Y han empezado a publicarse por ahí curiosos recetarios sobre cómo sentirse feliz sin necesidad de gastar; recomendaciones de emplear el ocio en leer, o en pasear, como ocupaciones de las más baratas y gratificantes que existen y por lo visto poco practicadas. Estamos siendo reciclados, para que dejemos de ser despilfarradores y caprichosos consumistas y nos vayamos convirtiendo en austeros ahorradores de energías, sin que se nos caiga la sonrisa de los labios, sin que perdamos un ápice de satisfacción y alegría de vivir.
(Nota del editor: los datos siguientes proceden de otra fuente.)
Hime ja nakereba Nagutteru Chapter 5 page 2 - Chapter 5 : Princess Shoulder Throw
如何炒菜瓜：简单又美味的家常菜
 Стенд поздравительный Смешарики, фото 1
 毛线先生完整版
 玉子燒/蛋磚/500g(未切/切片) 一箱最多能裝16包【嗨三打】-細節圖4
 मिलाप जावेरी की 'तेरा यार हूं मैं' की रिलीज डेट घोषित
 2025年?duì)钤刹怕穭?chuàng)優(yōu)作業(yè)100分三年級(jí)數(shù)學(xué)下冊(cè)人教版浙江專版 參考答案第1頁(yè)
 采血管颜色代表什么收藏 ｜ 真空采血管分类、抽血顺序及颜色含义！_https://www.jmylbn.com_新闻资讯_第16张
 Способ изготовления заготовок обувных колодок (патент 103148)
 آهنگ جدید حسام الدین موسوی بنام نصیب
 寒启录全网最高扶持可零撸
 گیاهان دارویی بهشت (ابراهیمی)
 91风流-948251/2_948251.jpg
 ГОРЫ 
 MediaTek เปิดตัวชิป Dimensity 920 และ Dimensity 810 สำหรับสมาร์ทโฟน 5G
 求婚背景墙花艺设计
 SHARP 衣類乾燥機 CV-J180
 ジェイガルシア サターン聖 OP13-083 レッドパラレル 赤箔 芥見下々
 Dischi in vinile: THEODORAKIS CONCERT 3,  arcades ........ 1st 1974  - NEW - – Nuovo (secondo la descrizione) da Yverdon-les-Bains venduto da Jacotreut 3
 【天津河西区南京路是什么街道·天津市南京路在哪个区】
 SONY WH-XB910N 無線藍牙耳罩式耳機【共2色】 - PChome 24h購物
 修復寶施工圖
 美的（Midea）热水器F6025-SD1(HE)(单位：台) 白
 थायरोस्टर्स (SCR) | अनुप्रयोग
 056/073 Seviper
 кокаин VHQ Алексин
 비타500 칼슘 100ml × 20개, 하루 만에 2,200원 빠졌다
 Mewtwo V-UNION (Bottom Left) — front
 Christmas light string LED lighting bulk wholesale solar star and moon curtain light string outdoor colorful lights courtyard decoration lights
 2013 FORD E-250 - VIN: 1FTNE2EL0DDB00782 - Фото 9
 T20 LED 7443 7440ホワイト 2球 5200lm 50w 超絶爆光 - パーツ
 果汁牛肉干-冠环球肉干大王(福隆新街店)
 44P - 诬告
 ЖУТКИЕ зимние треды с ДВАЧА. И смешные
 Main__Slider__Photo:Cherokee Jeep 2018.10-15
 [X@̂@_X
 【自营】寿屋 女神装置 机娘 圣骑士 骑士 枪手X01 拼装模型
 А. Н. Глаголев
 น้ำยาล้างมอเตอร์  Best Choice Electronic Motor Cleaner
No sabemos bien si se acabará produciendo el cambio de paradigma, o de sociedad, tantas veces invocado, aunque todos admiten que las cosas no van a ser ya como antes, que se acabaron las alegrías presupuestarias.

Partiendo de la base de que nunca está de más que nos sometamos de vez en cuando a ese tipo de disciplinas, de desechar lo superfluo y quedarnos con lo esencial, sería muy recomendable primero que no lo hiciéramos solamente porque no tenemos más remedio, sino por auténtica convicción y en segundo lugar que fuese compartido por todos los miembros de nuestra sociedad, empezando por aquellos que tienen sobre sus hombros la pesada carga de las responsabilidades públicas.

Quizás como consecuencia de los debates que promueven los llamados indignados, o porque las cosas están llegando a un punto en que deberán cambiar de rumbo y de sentido, bajo la amenaza de la ruina total generalizada, el caso es que, poco a poco, empieza a aflorar un interesante debate sobre cómo se gastan nuestros representantes el dinero que es de todos, cuya administración les hemos confiado por delegación. Asoman datos inquietantes, o preocupantes, sobre con qué liberalidad se gestionaron presupuestos millonarios, buscando beneficios meramente partidistas o el bienestar de unos pocos, es decir, los gestores y sus familias, las deudas enormes que van acumulando… Al parecer, en algún momento alguien autorizó gastos ingentes, a precios desorbitados, sin que nadie destapara con seriedad y argumentos tales dispendios y sus consecuencias, tan peligrosas para la estabilidad.

Muchos anhelamos creer que las cosas pueden empezar a cambiar, sobre todo cuando se han dado ya casos, antes insólitos, de políticos anunciando que renuncian a sueldos y prebendas, o que los reducen y se conforman con un ejercicio más austero. El siguiente paso es que, siguiendo los consejos que nos dan a los demás, se acostumbren al barato ejercicio de la lectura, que tanto bien les hará y se den buenos paseos aprovechando para escuchar a la gente de la calle, que tiene tanto que decir.